In symbolic mode, if the left side of an assignment statement is a
variable, a {\tt SETQ} of the right-hand side to that variable occurs.  If
the left-hand side is an expression, it must be of the form of an array
element, otherwise an error will result.  For example, {\tt x:=y}
translates into {\tt (SETQ X Y)} whereas {\tt a(3) := 3} will be valid if
{\tt A} has been previously declared a single dimensioned array of at
least four elements.

\section{FOR EACH Statement}\ttindex{FOR EACH}

The {\tt FOR EACH} form of the {\tt FOR} statement, designed for iteration
down a list, is more general in symbolic mode.  Its syntax is:

\begin{verbatim}
        FOR EACH ID:identifier {IN|ON} LST:list
            {DO|COLLECT|JOIN|PRODUCT|SUM} EXPRN:S-expr
\end{verbatim}

As in algebraic mode, if the keyword {\tt IN} is used, iteration is on
each element of the list.  With {\tt ON}, iteration is on the whole list
remaining at each point in the iteration.  As a result, we have the
following equivalence between each form of {\tt FOR EACH} and the various
mapping functions in Lisp:
\begin{center}
{\tt
\begin{tabular}{|l|lr r|} \hline
& DO & COLLECT & JOIN \\ \hline
        IN &   MAPC & MAPCAR & MAPCAN \\
        ON &   MAP &  MAPLIST & MAPCON \\ \hline
\end{tabular}}
\end{center}
{\it Example:} To list each element of the list {\tt (a b c)}:
\begin{verbatim}
        for each x in '(a b c) collect list x;
\end{verbatim}

\section{Symbolic Procedures}\index{Symbolic procedure}

All the functions described in the Standard Lisp Report are available to
users in symbolic mode. Additional functions may also be defined as
symbolic procedures. For example, to define the Lisp function {\tt ASSOC},
the following could be used:
\begin{verbatim}
        symbolic procedure assoc(u,v);
           if null v then nil
            else if u = caar v then car v
            else assoc(u, cdr v);
\end{verbatim}
If the default mode were symbolic, then {\tt SYMBOLIC} could be omitted in
the above definition. {\tt MACRO}s\ttindex{MACRO} may be defined by
prefixing the keyword {\tt PROCEDURE} by the word {\tt MACRO}.
(In fact, ordinary functions may be defined with the keyword {\tt EXPR}
\ttindex{EXPR} prefixing {\tt PROCEDURE} as was used in the Standard Lisp
Report.) For example, we could define a {\tt MACRO CONSCONS} by
\begin{verbatim}
        symbolic macro procedure conscons l;
           expand(cdr l,'cons);
\end{verbatim}

Another form of macro, the {\tt SMACRO}\ttindex{SMACRO} is also available.
These are described in the Standard Lisp Report.  The Report also defines
a function type {\tt FEXPR}.\ttindex{FEXPR}
However, its use is discouraged since it is hard to implement efficiently,
and most uses can be replaced by macros.  At the present time, there are
no {\tt FEXPR}s in the core REDUCE system.

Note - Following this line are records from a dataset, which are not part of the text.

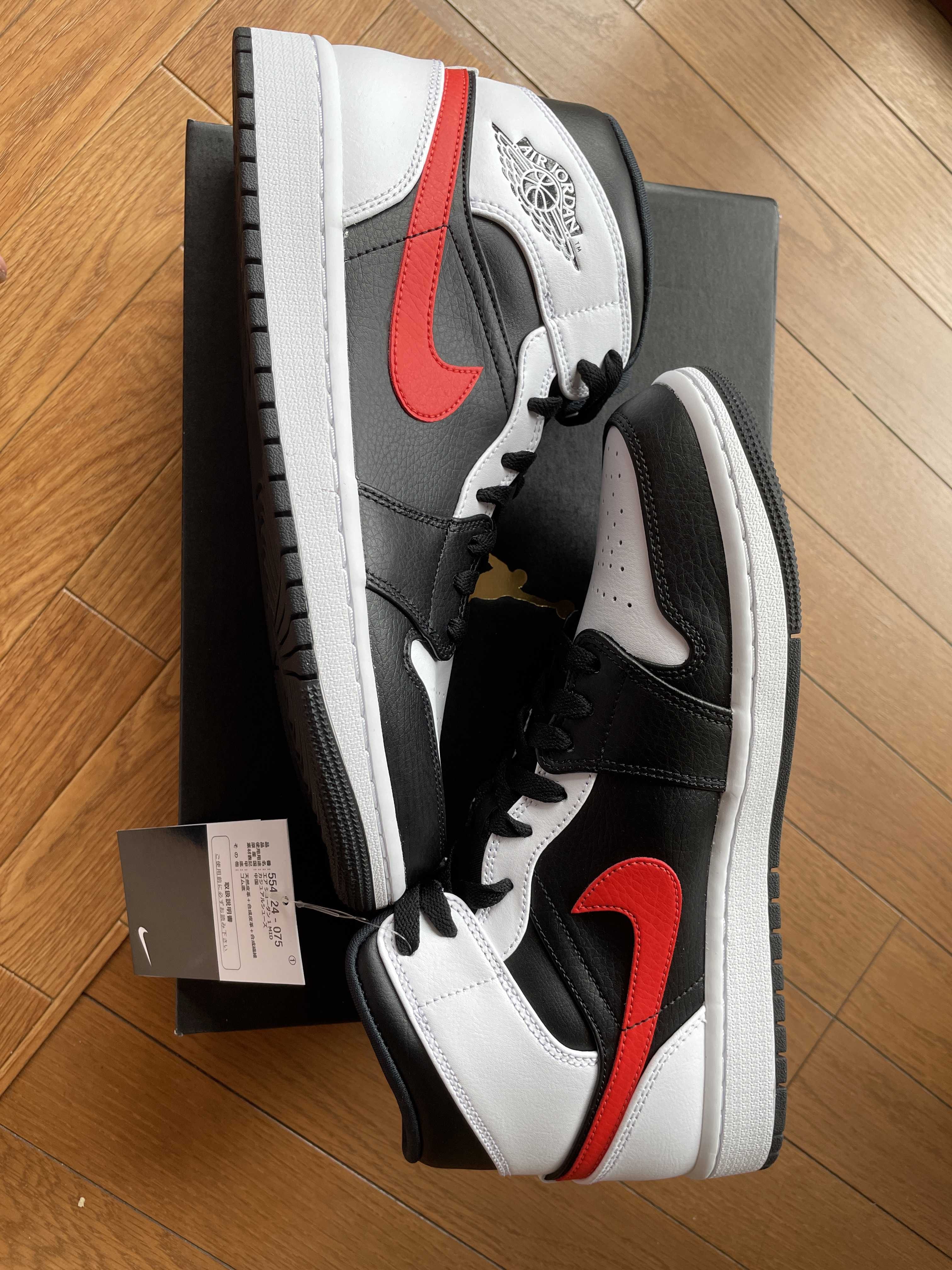 NIKE AIR JORDAN 1 MID "BLACK/CHILE RED/WHITE"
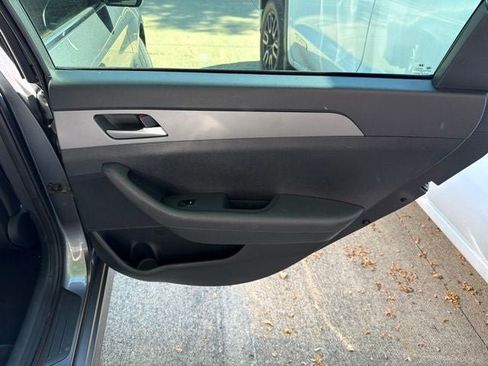 Used 2018 Hyundai Sonata SE FWD image 22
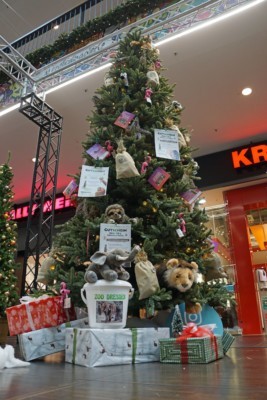Mit Zoo-Kuscheltieren geschmückter Weihnachtsbaum in der Centrumgalerie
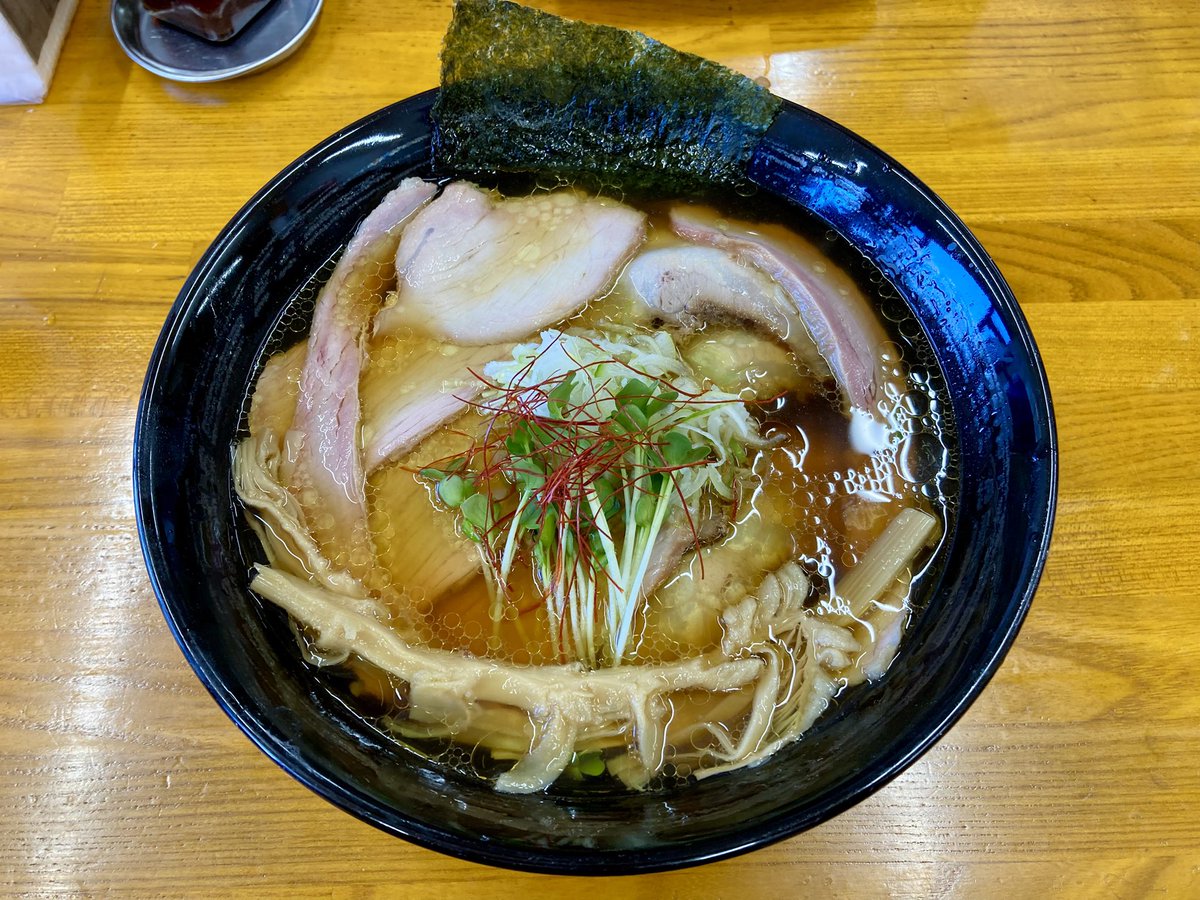 お昼は白河ラーメン🍜
チャーシュー麺食べてお腹いっぱい😋

#まことのどんぶり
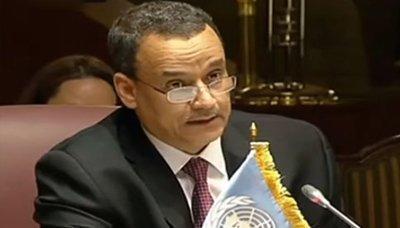 Almotamar Net - 
The UN envoy to Yemen confirmed on Monday that the consensus of the participants in Yemeni peace talks held in Kuwait on bringing peace makes reaching a solution possible. 

"There is no doubt that there are significant differences in views, but the consensus of the participants to bring peace makes it possible to reach a solution, the UN envoy Ismail Ould Cheikh Ahmed said in a statement issued after the talks session Monday. 

There are only two options; either to continue the war or to consult and make concessions in order to achieve peace and all parties should assume responsibility for their decisions, the UN envoy added.
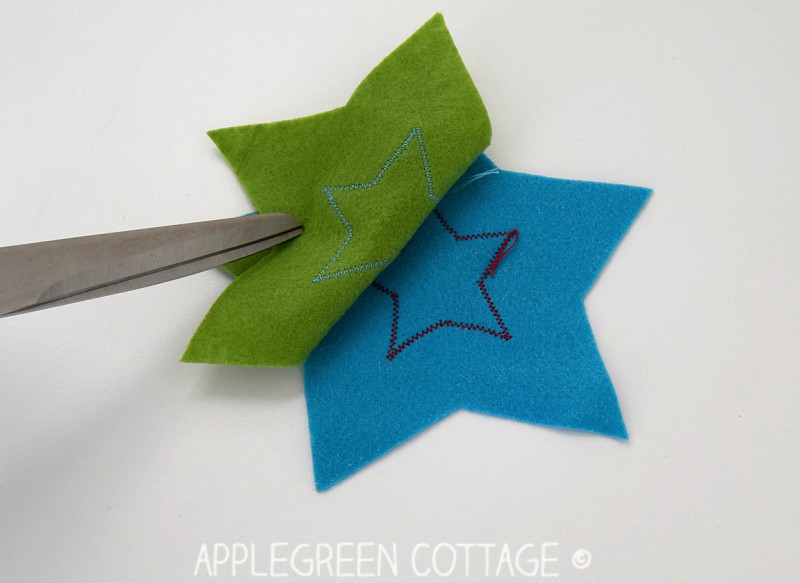 sewing felt star decorations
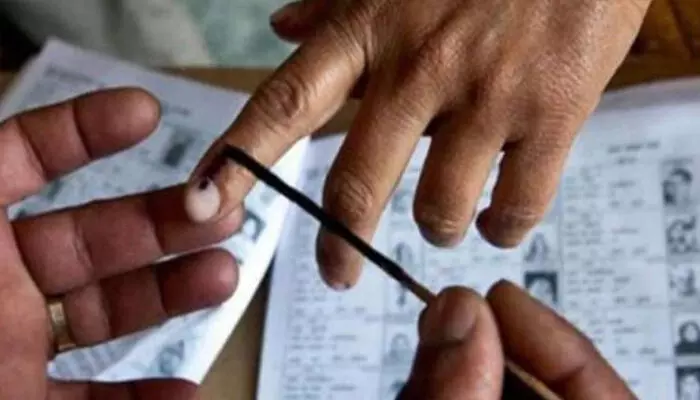 തദ്ദേശ തിരഞ്ഞെടുപ്പ്; ആദ്യഘട്ട വോട്ടെടുപ്പ് നടക്കുന്ന ഏഴ് ജില്ലകളിലെ പരസ്യ പ്രചാരണം നാളെ സമാപിക്കും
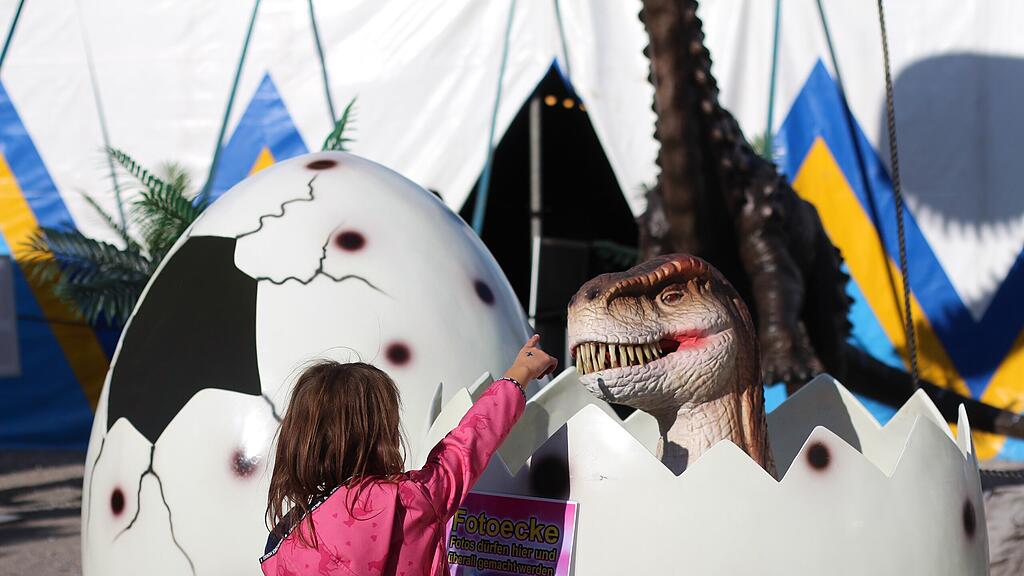 "Big King Dinosaurier of Animatronic" in Bischofshofen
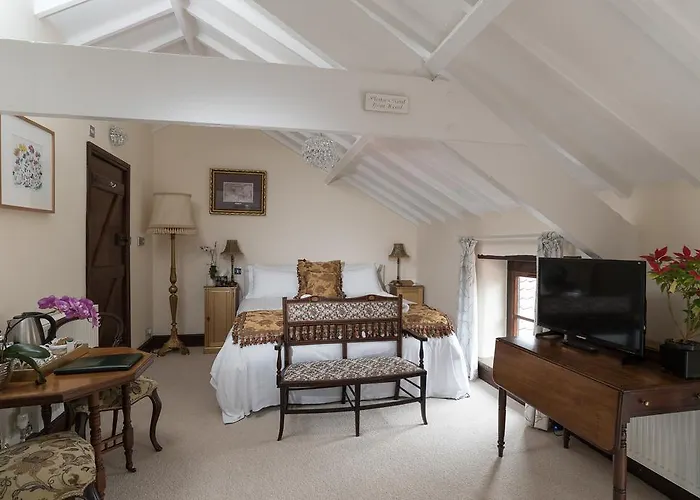 Summerhouse Bed & Breakfast 4*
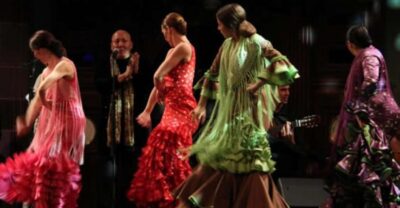 Barcelona: Flamenco at El Patio Andaluz with Optional Dinner - The 1-hour show: tight pacing and what to watch for
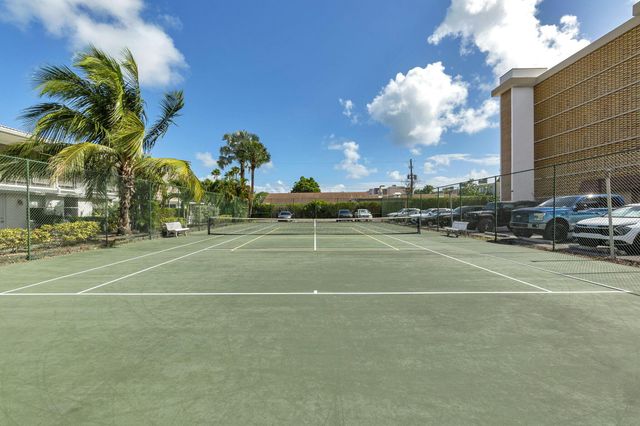 2970 NE 16th Avenue 211, Oakland Park, FL 33334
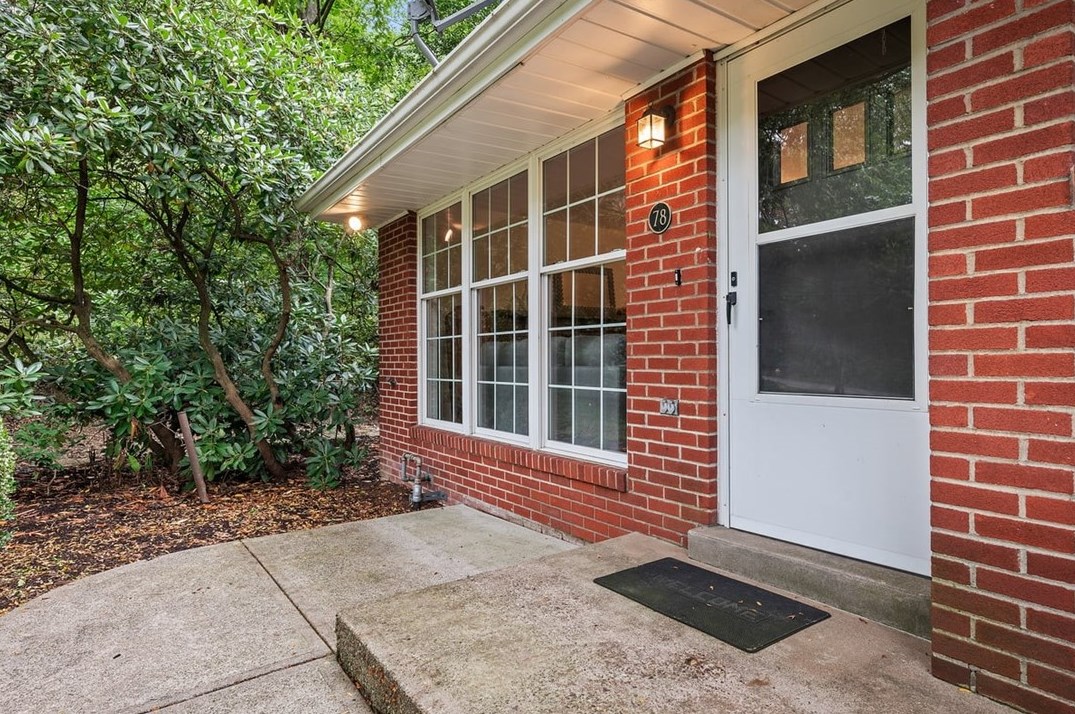 78 Butler St, Valencia, PA 16059-8702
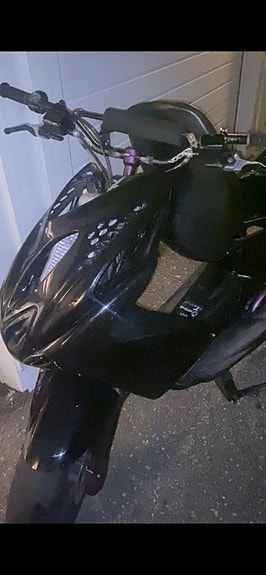 Yamaha Aerox 4 of 7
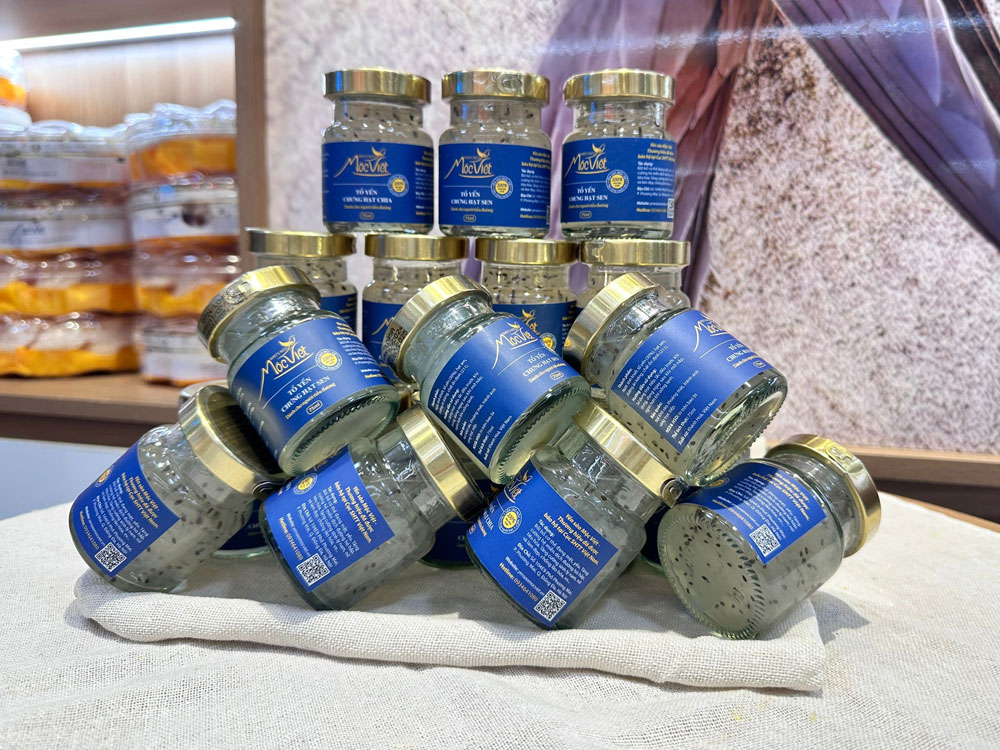 Tổ yến chưng hạt chia 75ml-140ml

\section{Standard Lisp Equivalent of Reduce Input}

A user can obtain the Standard Lisp equivalent of his {\REDUCE} input by
turning on the switch {\tt DEFN}\ttindex{DEFN} (for definition).  The
system then prints the Lisp translation of his input but does not evaluate
it.  Normal operation is resumed when {\tt DEFN} is turned off.

\section{Communicating with Algebraic Mode}\index{Mode communication}

One of the principal motivations for a user of the algebraic facilities of
{\REDUCE} to learn about symbolic mode\index{Symbolic mode} is that it
gives one access to a wider range of techniques than is possible in
algebraic mode\index{Algebraic mode} alone.  For example, if a user
wishes to use parts of the system defined in the basic system source code,
or refine their algebraic code definitions to make them more efficient,
then it is necessary to understand the source language in fairly complete
detail.  Moreover, it is also necessary to know a little more about the
way {\REDUCE} operates internally.  Basically, {\REDUCE} considers
expressions in two forms: prefix form, which follow the normal Lisp rules
of function composition, and so-called canonical form, which uses a
completely different syntax.

Once these details are understood, the most critical problem faced by a
user is how to make expressions and procedures communicate between symbolic
and algebraic mode. The purpose of this section is to teach a user the
basic principles for this.

If one wants to evaluate an expression in algebraic mode, and then use
that expression in symbolic mode calculations, or vice versa, the easiest
way to do this is to assign a variable to that expression whose value is
easily obtainable in both modes.  To facilitate this, a declaration {\tt
SHARE}\ttindex{SHARE} is available. {\tt SHARE} takes a list of
identifiers as argument, and marks these variables as having recognizable
values in both modes.  The declaration may be used in either mode.

E.g.,
\begin{verbatim}
        share x,y;
\end{verbatim}
says that {\tt X} and {\tt Y} will receive values to be used in both modes.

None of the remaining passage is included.